INFORMATION PROVIDED ▸
--- START ---
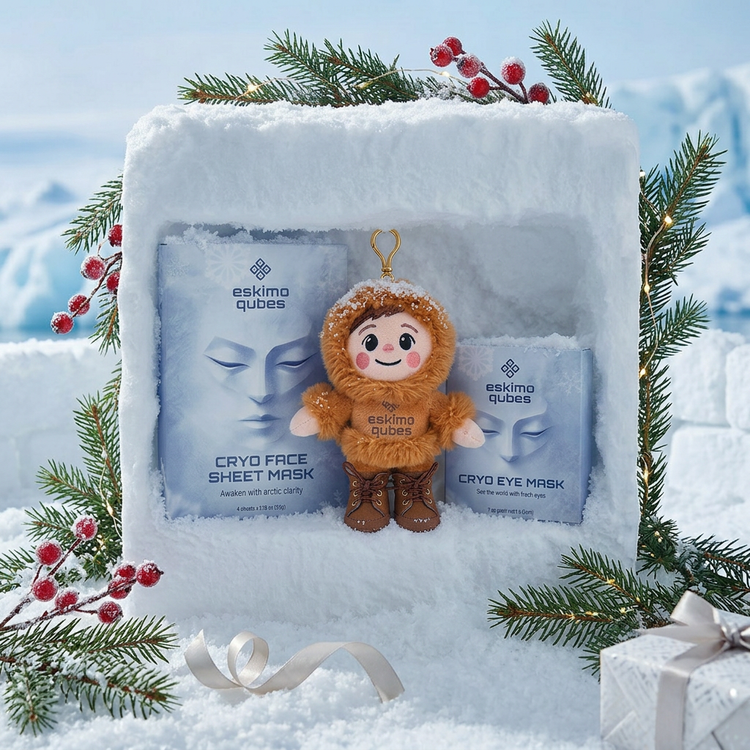 Eskimo Qubes face mask, eye mask and separately sold plush doll key ring in a snowy Christmas display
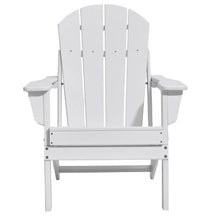 Plastic Adirondack Chairs with Cup Holder Folding All-Weather Outdoor Chairs (White) (Set of 2)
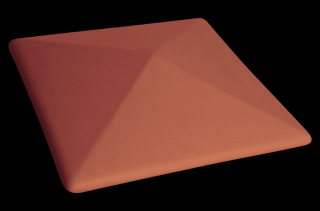 Capac Ceramic 01 Ruby Red Natural, pentru Stalpi de Gard 445x445x90mm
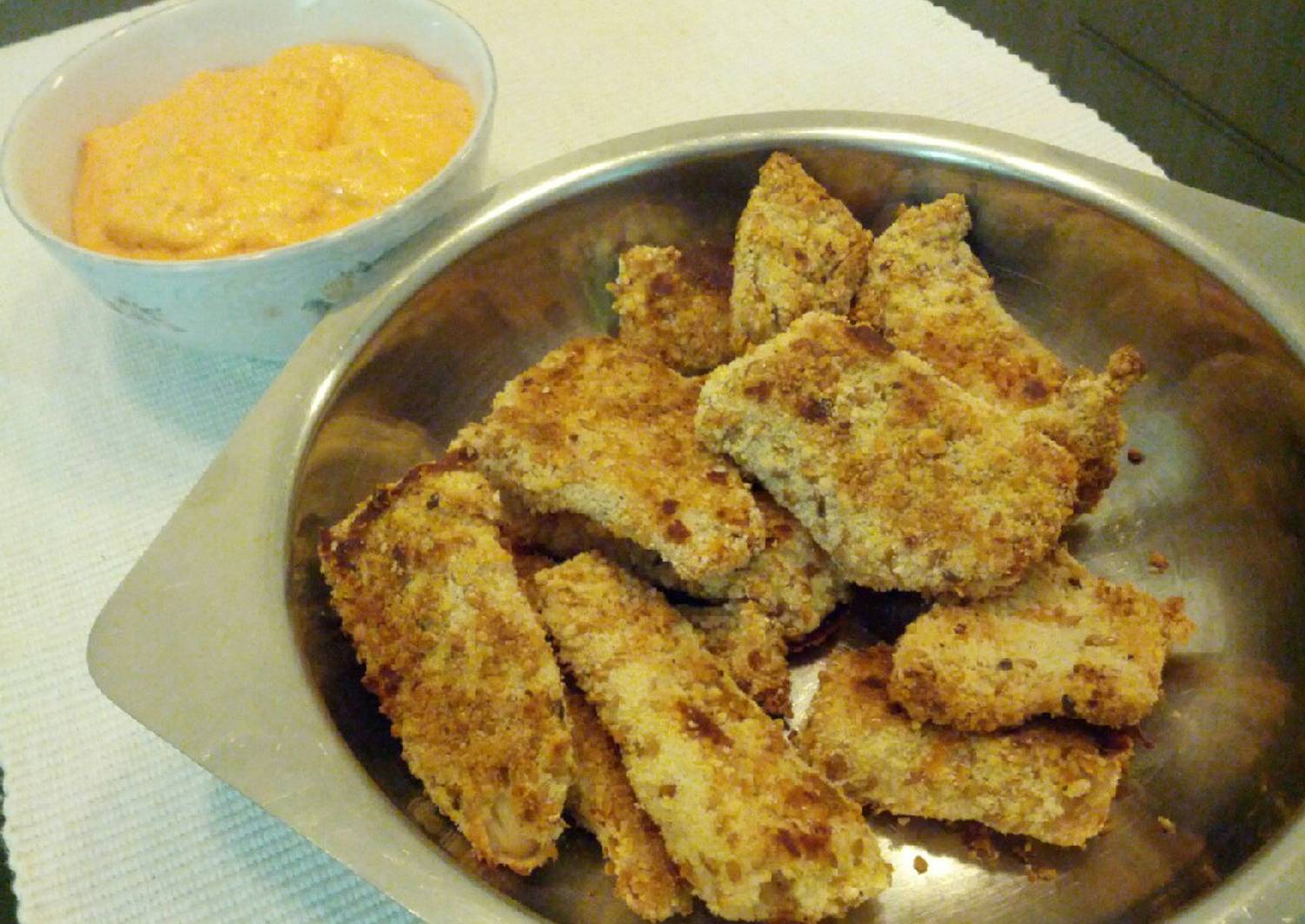 Iscas de tilápia assadas com farinha de coco Receita por Luciano Cookpad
--- END ---
The whole listing above, line by line, needs to be copied exactly, except for any images.

 Eskimo Qubes face mask, eye mask and separately sold plush doll key ring in a snowy Christmas display
 Plastic Adirondack Chairs with Cup Holder Folding All-Weather Outdoor Chairs (White) (Set of 2)
 Capac Ceramic 01 Ruby Red Natural, pentru Stalpi de Gard 445x445x90mm
 Iscas de tilápia assadas com farinha de coco Receita por Luciano Cookpad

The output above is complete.